To get a mapping run:

GET logstash-2018.07.03/_mapping

(sun_changlong) #13

hi,dadoonet.
I re-run the instructions you recommended, and the results are updated as above.Did not see where the problem occurred.
Finally, I took a temporary configuration to circumvent this problem.
The set as follows:
mutate {
rename => { "[host][name]" => "host" }
}
I don't know if there is a problem with the 6.3 version, I can only temporarily make configuration adjustments.

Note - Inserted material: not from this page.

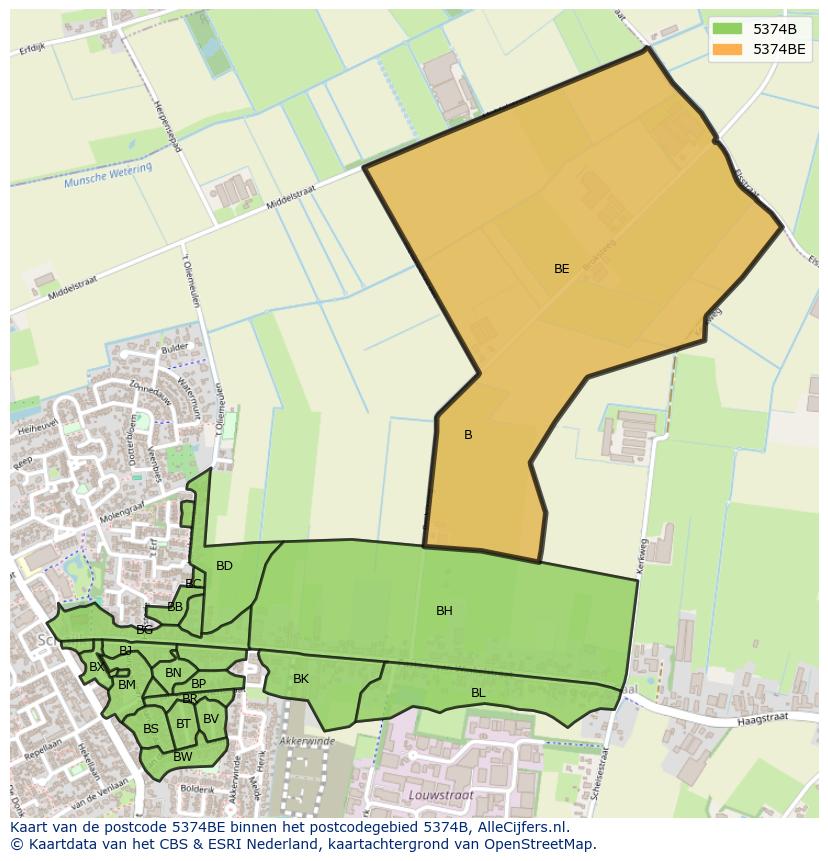 Afbeelding van het postcodegebied 5374 BE op de kaart.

If you have a better way, I will adopt it, thanks


(David Pilato) #14

The problem is that your mapping does not correspond to your documents.

Mapping says for host:

          "host": {
            "type": "text",
            "norms": false,
            "fields": {
              "keyword": {
                "type": "keyword",
                "ignore_above": 256
              }
            }
          },

But your documents are like:

{
  "host": {
    "name": "server2"
  }
}

Which can not work.

Indeed, the default template which comes with Logstash has a generic configuration but your data is coming from beats which requires a specific mapping.

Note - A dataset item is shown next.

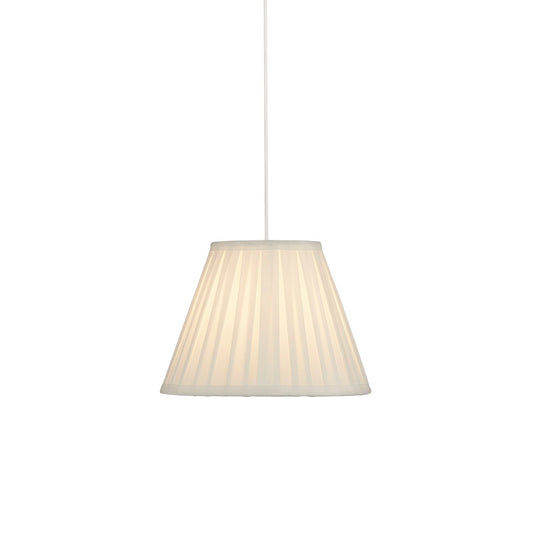 Off White Pleated Faux Silk Light Shade (25cm)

It sounds like you are parsing Apache logs here, so I'd say that Logstash is useless in that case.

If you install filebeat 6.3.0, it can directly communicate with elasticsearch, create the right mappings in Elasticsearch, create ingest pipelines, create the dashboards in Kibana. You just have to tell filebeat that you want to use the apache2 module.


(system) #15

This topic was automatically closed 28 days after the last reply. New replies are no longer allowed.